Milley arrived in southeastern Poland about 11 a.m. local time and began his meeting with Zaluzhny about two hours later, Butler said. Some Americans traveling with the general, including two journalists, remained at the military base here — a way station used to funnel aid to Ukraine — while Milley traveled closer to the border. No photography was allowed during the visit, and U.S. military officials requested that the journalists withhold exact locations.
The meeting occurred a day after a contingent of civilian officials from the Pentagon and State Department met in Kyiv with President Volodymyr Zelensky and other senior Ukrainian officials.
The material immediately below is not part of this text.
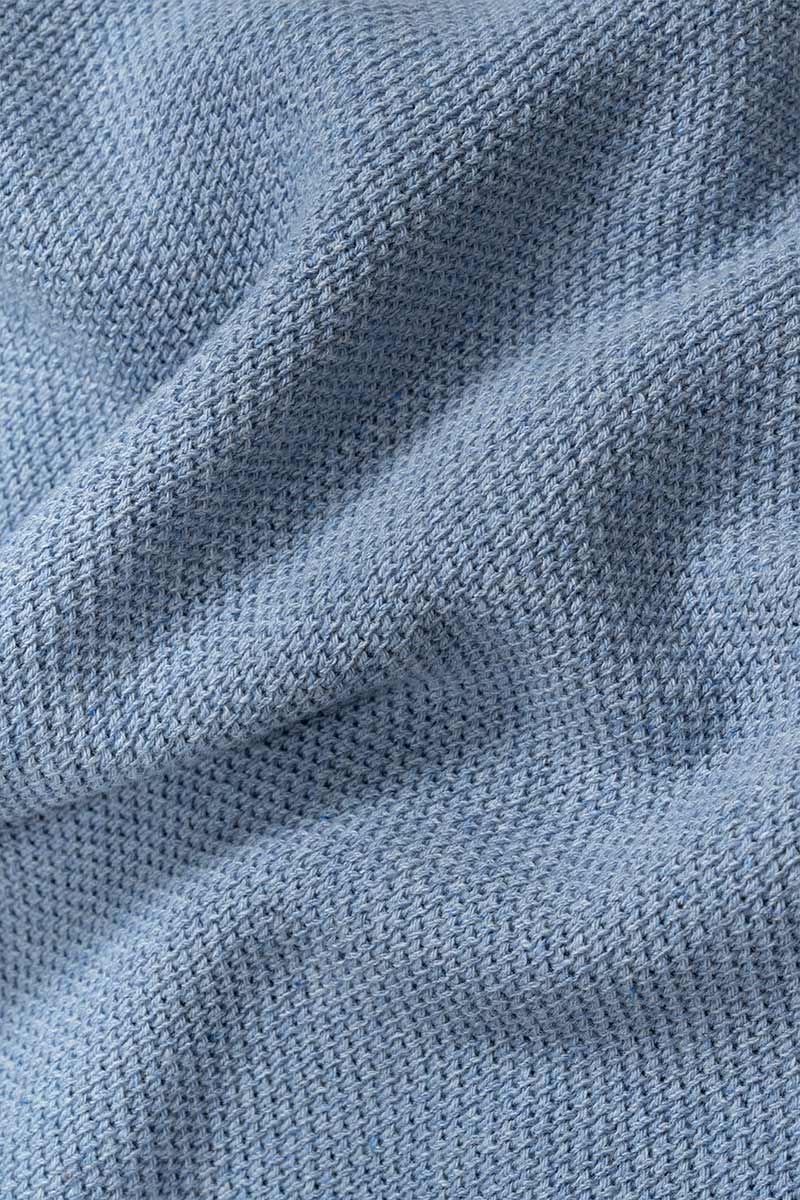 LAST ONE IN M- Carlotta Cotton Knit T-Shirt - Indigo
Defense Secretary Lloyd Austin and Secretary of State Antony Blinken traveled to Ukraine’s capital previously in a demonstration of the Biden administration’s support. Milley has not visited Ukraine, as the United States appears to maintain a policy in which only the small contingent of American military personnel assigned to the U.S. Embassy in Kyiv spend time in the country.
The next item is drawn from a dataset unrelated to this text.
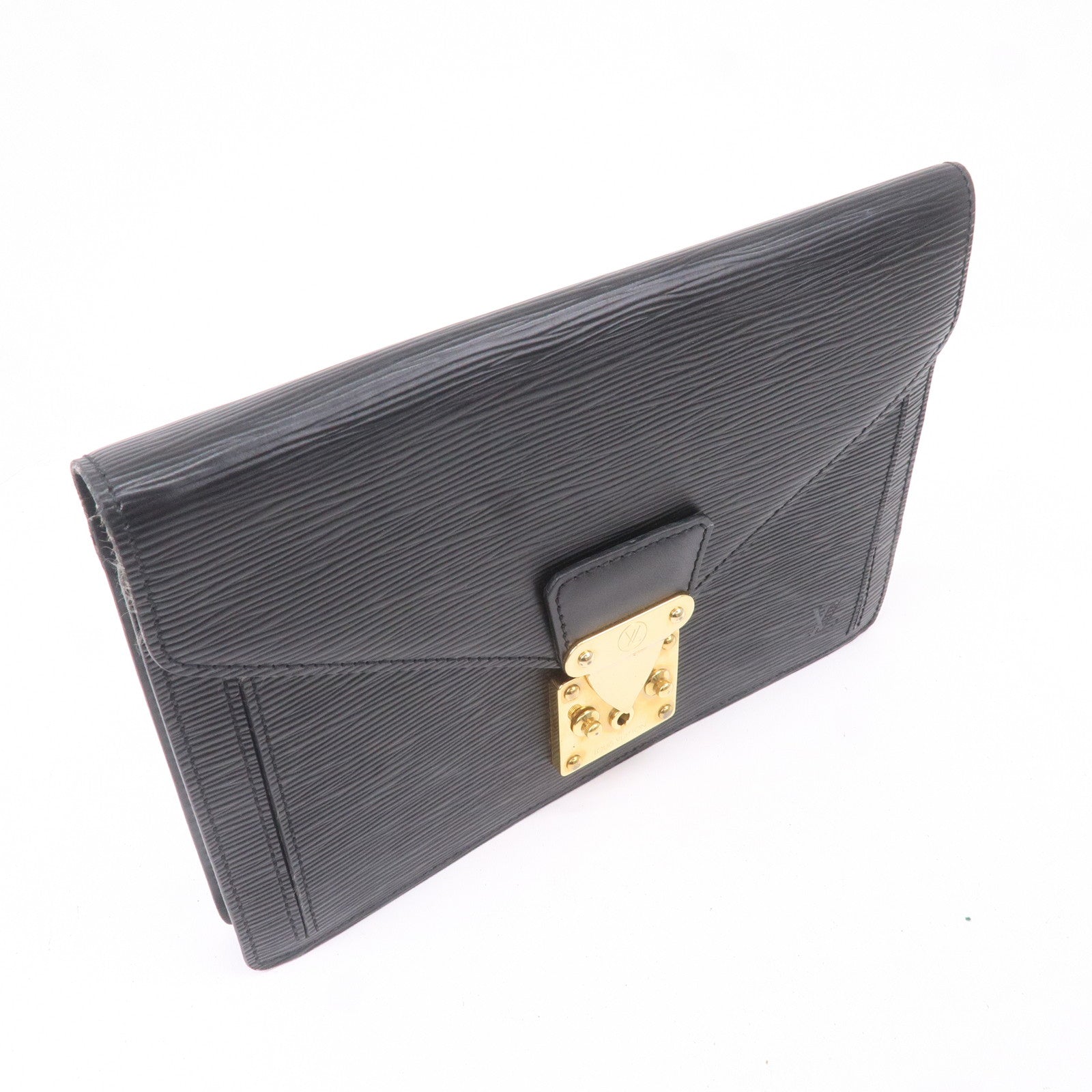Louis Vuitton Set of 2 Epi Clutch Bag Black M52612 M52522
Butler said the visit did not pose significant security concerns for Milley, and that he did not go anywhere believed to be dangerous. The general wanted to provide Zaluzhny with his impressions of the Ukrainian unit that just began training under the supervision of U.S. soldiers in Germany after visiting them on Monday, and to discuss Ukrainian needs ahead of a regularly scheduled meeting later this week of the Ukraine Contact Group, a gathering of international partners that have supported the country militarily throughout the war.
“Gen. Milley’s job here as a military guy is to be able to describe the tactical and operational conditions of the battlefield, and what the military needs are. And the way he does that is one, by understanding it himself, but two, by talking to Gen. Zaluzhny on a regular basis.”
Tuesday’s visit marked the third time that Milley has visited the base in southeastern Poland since the war began. U.S. troops here, speaking on the condition of anonymity under ground rules set by the military, said that their mission has expanded in the past few months as the array of weaponry from approved for transfer has grown.
Military personnel have worked to improve security at the base since the beginning of the war, adding new concrete bunkers and thick, sand-filled outdoor walls commonly known as HESCO barriers to join two batteries of Patriot air defense systems that were deployed in southeastern Poland in the spring.
A U.S. soldier assigned to the Patriot unit said Tuesday that some have been assigned to the base since March and that they aren’t sure when another unit of soldiers may arrive to rotate in and replace them. That’s not uncommon for Patriot units, but the lack of predictability has put a strain on the unit, the soldier said.
The unit operates continuously, with its alert status ebbing and flowing based on events of the day.
“We have to respond properly to the situation,” the soldier said.